Alighieri, Dante (1265-1321).
La Diuina Comedia di Dante, Con gli Argomenti, & Allegorie per ogni Canto. E due Indici, uno di tutti i vocaboli più importanti usati dal Poeta... E l’altro delle cose più notabili. Venice, Niccolò Misserini, 1629.
24° (95x50 mm). Collation: A-X12, Y6, *12. , 510,  pages; numerous leaves misbound, but complete. Roman and italic type. Title-page framed within a woodcut border containing Dante's portrait in the upper panel and the printer's device in the lower one. Fine contemporary binding à la Du Seuil, red morocco tooled in gold over pasteboards. Covers framed by two concentric borders delimited by fillets à l'ancienne, the internal border decorated at its corners with floral tools. Spine with four raised bands, tooled in gilt; title lettered in gold in the second compartment. Gilt edges. A good copy, repairs at joints and foot of spine.
Third and last edition of the Commedia published in the seventeenth century. The volume is printed in the innovative and compact 'long 24mo' format invented by Alessandro Paganini (see nos. 60 and 62).

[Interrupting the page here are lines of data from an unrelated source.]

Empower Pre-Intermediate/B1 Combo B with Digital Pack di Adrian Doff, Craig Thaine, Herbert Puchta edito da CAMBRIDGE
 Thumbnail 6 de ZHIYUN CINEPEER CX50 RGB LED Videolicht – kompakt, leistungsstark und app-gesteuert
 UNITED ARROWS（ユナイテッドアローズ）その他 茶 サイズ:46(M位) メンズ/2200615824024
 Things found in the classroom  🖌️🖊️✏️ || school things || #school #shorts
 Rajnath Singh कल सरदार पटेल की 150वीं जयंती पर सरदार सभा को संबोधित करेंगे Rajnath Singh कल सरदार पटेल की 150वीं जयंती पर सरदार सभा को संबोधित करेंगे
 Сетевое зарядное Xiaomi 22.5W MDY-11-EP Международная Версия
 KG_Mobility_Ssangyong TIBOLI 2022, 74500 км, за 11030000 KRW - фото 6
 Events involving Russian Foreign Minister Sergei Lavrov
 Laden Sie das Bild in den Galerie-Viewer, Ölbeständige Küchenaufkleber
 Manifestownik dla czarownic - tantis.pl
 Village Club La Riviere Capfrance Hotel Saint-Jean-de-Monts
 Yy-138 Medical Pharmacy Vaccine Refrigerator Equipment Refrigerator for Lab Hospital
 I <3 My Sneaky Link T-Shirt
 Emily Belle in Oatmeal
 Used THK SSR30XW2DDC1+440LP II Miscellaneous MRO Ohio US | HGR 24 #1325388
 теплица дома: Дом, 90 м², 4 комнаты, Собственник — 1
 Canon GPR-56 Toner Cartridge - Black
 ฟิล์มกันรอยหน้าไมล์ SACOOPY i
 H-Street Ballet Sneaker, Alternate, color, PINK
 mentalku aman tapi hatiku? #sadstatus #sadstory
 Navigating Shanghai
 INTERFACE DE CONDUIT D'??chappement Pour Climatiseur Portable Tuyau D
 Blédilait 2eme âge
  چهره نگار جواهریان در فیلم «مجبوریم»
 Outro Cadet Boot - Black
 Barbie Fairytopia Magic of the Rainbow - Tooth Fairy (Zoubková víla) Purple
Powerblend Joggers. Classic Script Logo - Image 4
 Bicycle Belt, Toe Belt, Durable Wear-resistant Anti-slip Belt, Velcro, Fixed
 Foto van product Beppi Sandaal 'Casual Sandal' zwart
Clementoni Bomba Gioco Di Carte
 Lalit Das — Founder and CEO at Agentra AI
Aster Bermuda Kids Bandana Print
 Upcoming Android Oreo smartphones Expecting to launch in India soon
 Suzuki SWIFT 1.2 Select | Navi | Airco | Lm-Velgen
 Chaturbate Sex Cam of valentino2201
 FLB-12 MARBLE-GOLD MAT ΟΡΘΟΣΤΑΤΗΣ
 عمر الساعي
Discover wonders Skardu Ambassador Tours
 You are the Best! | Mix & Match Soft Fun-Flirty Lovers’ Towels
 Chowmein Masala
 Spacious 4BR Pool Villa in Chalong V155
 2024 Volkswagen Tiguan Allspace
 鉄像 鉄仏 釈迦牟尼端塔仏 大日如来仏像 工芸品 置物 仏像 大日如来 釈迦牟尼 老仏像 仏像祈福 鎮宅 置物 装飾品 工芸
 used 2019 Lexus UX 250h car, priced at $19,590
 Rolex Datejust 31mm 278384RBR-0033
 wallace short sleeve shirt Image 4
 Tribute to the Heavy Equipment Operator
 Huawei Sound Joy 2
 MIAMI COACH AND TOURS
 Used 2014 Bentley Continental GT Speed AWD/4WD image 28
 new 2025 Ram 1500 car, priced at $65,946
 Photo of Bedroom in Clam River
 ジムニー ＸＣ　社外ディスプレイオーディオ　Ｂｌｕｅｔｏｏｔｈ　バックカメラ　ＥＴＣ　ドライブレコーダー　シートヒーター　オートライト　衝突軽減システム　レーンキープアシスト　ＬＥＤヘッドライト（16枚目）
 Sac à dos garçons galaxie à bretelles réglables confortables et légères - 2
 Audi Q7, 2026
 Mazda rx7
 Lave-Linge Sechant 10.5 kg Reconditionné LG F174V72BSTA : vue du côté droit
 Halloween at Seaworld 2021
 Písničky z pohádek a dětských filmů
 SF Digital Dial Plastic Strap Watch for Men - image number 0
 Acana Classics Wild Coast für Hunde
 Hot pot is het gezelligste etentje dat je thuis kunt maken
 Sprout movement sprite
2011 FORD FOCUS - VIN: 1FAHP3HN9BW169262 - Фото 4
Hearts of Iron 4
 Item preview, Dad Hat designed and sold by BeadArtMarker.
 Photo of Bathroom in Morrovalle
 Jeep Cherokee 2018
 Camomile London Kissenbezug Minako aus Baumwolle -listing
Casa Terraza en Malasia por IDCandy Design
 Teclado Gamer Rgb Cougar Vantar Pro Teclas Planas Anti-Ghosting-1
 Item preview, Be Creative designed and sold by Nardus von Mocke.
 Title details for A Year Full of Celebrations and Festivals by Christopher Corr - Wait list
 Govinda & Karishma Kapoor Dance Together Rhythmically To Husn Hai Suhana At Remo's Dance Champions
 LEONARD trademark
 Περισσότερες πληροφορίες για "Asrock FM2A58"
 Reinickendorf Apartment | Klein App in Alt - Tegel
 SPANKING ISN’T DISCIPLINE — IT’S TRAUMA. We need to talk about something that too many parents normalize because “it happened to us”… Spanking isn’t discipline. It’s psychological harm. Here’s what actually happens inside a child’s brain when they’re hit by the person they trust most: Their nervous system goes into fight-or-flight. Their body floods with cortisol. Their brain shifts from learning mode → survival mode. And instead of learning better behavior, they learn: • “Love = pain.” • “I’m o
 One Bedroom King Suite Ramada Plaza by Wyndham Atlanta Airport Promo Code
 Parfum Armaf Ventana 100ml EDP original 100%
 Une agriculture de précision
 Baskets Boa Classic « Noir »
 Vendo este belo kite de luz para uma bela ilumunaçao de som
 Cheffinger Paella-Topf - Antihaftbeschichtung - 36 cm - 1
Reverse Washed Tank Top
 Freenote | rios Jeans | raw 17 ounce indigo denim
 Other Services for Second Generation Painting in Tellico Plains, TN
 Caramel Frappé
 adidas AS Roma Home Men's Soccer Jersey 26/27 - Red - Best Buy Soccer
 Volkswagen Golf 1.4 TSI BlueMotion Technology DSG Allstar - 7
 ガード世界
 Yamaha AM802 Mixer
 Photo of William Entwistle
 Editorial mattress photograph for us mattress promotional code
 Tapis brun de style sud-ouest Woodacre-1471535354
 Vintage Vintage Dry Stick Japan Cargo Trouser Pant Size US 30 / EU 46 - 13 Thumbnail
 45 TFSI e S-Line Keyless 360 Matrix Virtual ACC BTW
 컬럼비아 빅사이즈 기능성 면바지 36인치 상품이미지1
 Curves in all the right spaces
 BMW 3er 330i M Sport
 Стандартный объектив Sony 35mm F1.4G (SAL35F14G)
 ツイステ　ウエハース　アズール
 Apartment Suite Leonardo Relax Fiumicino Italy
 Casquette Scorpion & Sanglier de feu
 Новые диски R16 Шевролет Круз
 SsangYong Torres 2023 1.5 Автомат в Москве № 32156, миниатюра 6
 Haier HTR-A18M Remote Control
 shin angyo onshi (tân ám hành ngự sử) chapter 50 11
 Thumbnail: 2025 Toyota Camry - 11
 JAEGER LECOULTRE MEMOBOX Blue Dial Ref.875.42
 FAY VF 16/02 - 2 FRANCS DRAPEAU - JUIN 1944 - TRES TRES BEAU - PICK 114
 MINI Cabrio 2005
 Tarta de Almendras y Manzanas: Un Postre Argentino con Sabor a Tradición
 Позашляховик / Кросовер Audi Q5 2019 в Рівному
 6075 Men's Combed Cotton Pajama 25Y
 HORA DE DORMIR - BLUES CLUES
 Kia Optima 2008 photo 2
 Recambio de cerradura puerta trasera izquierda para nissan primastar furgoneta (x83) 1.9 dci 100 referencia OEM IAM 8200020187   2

From a textual point of view the edition follows the Commedia of 1613, which had been published by the Vicenza printer Francesco Leni under the title of La Visione (see no. 185). Dante's poem is therefore presented without any commentary or encomiastic texts or woodcuts, apart from the arguments and allegories by Lodovico Dolce and the Tavola de vocaboli più oscuri usati da Dante, taken from the Commedia published in 1554-1555 by Gabriel Giolito de' Ferrari (see nos. 116 and 117).
However, rather than use the 1613 title of La Visione – which Donato Pasquardi adopted for the second seventeenth-century edition, published in Padua, likewise in 1629 – Misserini adheres to the traditional title of Divina Commedia.
Batines I, p. 102; Mambelli 55; U. Limentani, “La fortuna di Dante nel Seicento”, Studi secenteschi, 5 (1964), pp. 3-49; Philobiblon, One Thousand Years of Bibliophily, no. 196.